Before, the bike was six inches wide at the tail end. For 2007 tapered doors would be added bringing the rear of the bike to a point much like the wing of an airplane. This change alone would require significantly less horsepower to run at equal speed compared to the old design. It all sounded good in theory.

Dyno work was done at Al Bertoni’s V12 Engineering. The Ack Attack makes in excess of 1000 horsepower! (Photo courtesy Mike Akatiff)

The 2007 attempt met with disaster. Even though we had more horsepower and were slipperier through the air, poor salt conditions saw to it that nobody upped the mark. The only good news was that the Ack Attack easily won top time of the meet. We also had second fastest time of the meet, and that was recorded with the Ack Attack tumbling head over heels through the kilo at an average of 278.540 mph!

Severe damage was done to the machine and a new body had to be made and mounted. A wide strip of metal was added running the entire length of the chassis to attach the upper and lower body sections, stiffening the bike in the process. The intercooler had to be modified to fit the new body, which for some reason wasn’t exactly the same shape as before, even though the same molds were used.

Mike Akatiff at work on the machine he created. This was taken in the Top 1 Ack Attack pits at Bonneville during a speed trial. (Photo courtesy Nathan Allred)

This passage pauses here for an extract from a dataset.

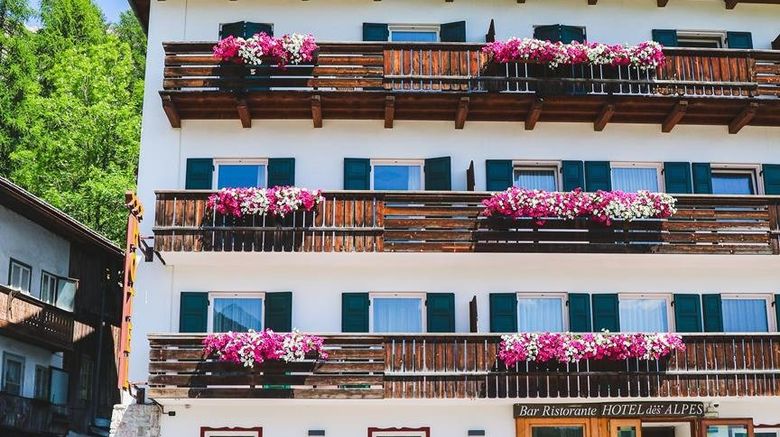 Des Alpes Exterior. Images powered by <a href="https://www.leonardoworldwide.com" target="_blank" rel="noopener">Leonardo</a>.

A new feature in 2008 was the use of dry ice. This voodoo magic gave me the willies every time the smoldering magma was dumped into the intercooler through a large funnel before every run. When the dry ice made contact with the water it would begin to percolate and boil. It was creepy being strapped into the cockpit on top of the intercooler because it actually felt like it was alive. The good news is it dropped the temperature about 20 percent, which meant we were able to run more boost and make more horsepower.

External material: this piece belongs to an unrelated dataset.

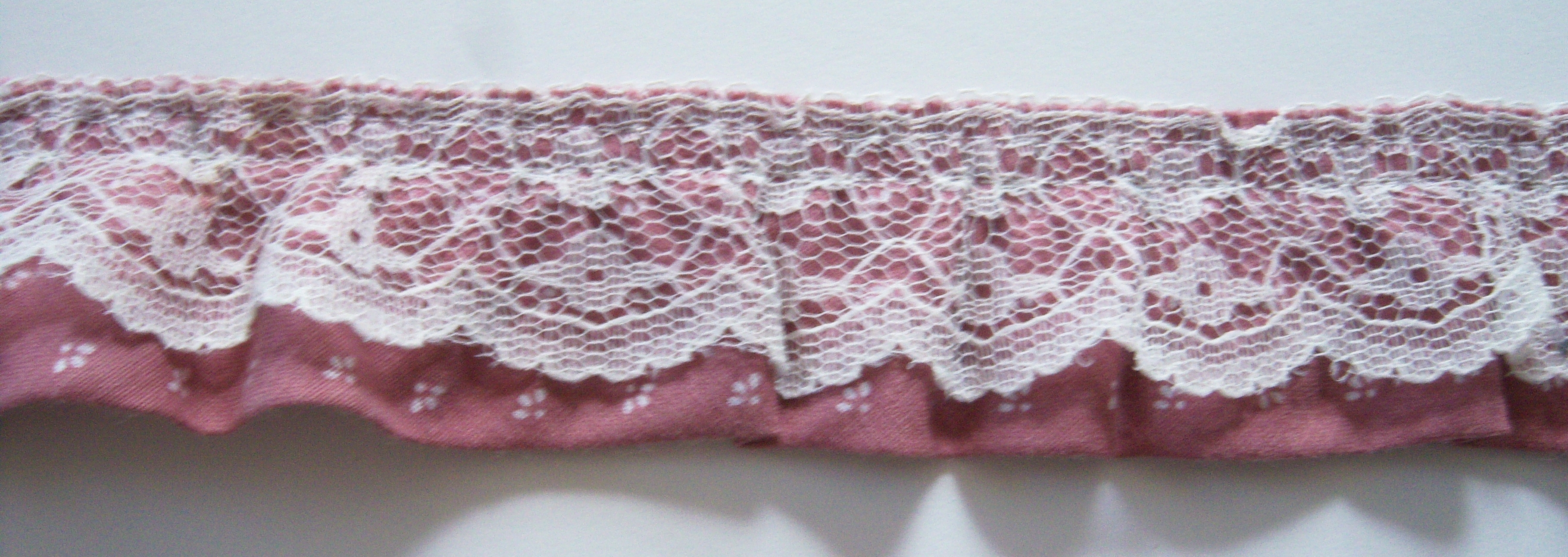 Natural Lace/Dusty Rose Print Ruffled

But what makes the Ack Attack special to me is that it still rides like a motorcycle - more so than my previous rides. It has handlebars and a twist throttle. The clutch lever is on the left and the gearshift is foot operated as is the rear brake. So what if it goes 150 in first gear and can light the tire in any of its six gears with just a twist of the wrist? I’ve heard it said many times - It’s not what you ride that matters. It’s that you ride.